I think that many of my students can relate to my story of not having any family members who have graduated from college. We talk about how this could go one of two ways. Either they will want it for you and help to push you, or they wont understand the importance, or the dedication it takes to get there! I had one sibling who checked in with me about school. I knew that I was not going to have the proper environment to focus by staying at home so I decided to take a soccer scholarship for The University of Memphis just to live with her. Her and her husband were taking courses her and their while both working full time and raising their son. They understood my commitment. When I eventually moved back after realizing soccer was getting in the way, I came across some health challenges that slowed me down but did not stop me. It was at this time that I met my husband Donovan. He was a blessing who also understood the importance of my graduating from college. Even when we later started talking about marriage, it was clear that we would not become engaged until after graduation so that it did not take my mind off of a goal that meant so much to me. He took it so literal, he proposed to me at my college graduation party. He knew I wanted to graduate first! I have continued to push myself by creating new goals ever since I graduated.
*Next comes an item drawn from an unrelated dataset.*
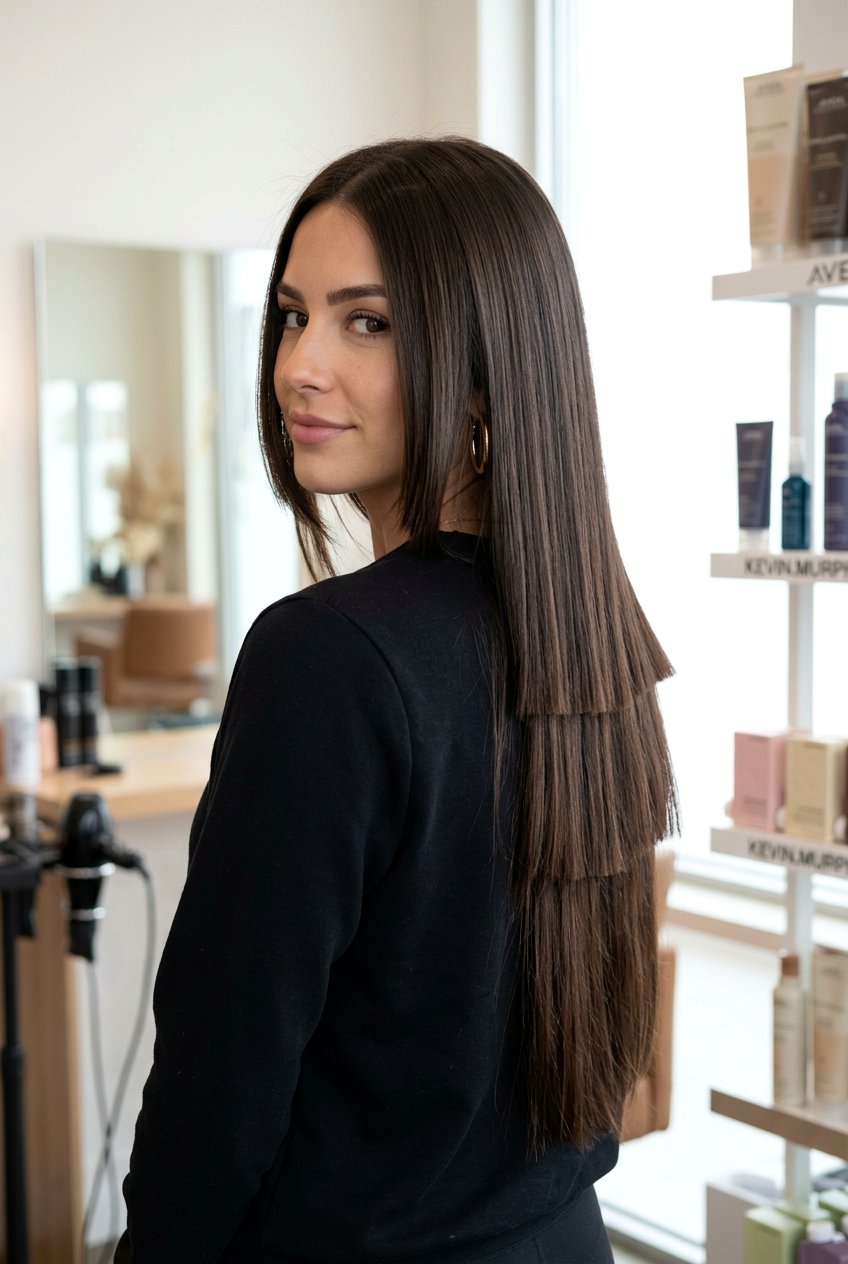 Deep step cut long hair - 20 step cut for long hair - 20 step cut for long hair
Why did I become a teacher?
I know that there is more that I want to say than what is going to come out right now, but I will try my best to organize my thoughts. Ever since I was little, I had two careers in mind. I knew that I wanted to work with children, but I didn’t know if I wanted to be a teacher or a pediatrician. I often played both roles at home with my stuffed animals.
When it comes down to it, I knew that I wanted to help kids grow, whether it be in body or mind. As I came closer to choosing my profession, I realized that my experiences helped me choose. I would have to say that I was lucky to have all kinds of teachers. I had amazing teachers who taught me to “Go above and beyond.” I unfortunately also had teachers who, for lack of better words, did the opposite. I wanted to be the teacher who encourages children to learn, who gives them the confidence they need, and who never lets them give up!
What do I believe about children and their education?
A child’s education is in our hands. We, as educators, have a larger impact than what we sometimes realize. I believe that every child wants to learn something; we just need to find what motivates them. I believe that we teach them more than content.
What do I believe education is preparing students for?
We prepare them to question, communicate, collaborate, and take action. We are preparing them to be all around successful individuals. We prepare them to be life long learners. We are preparing our students for life.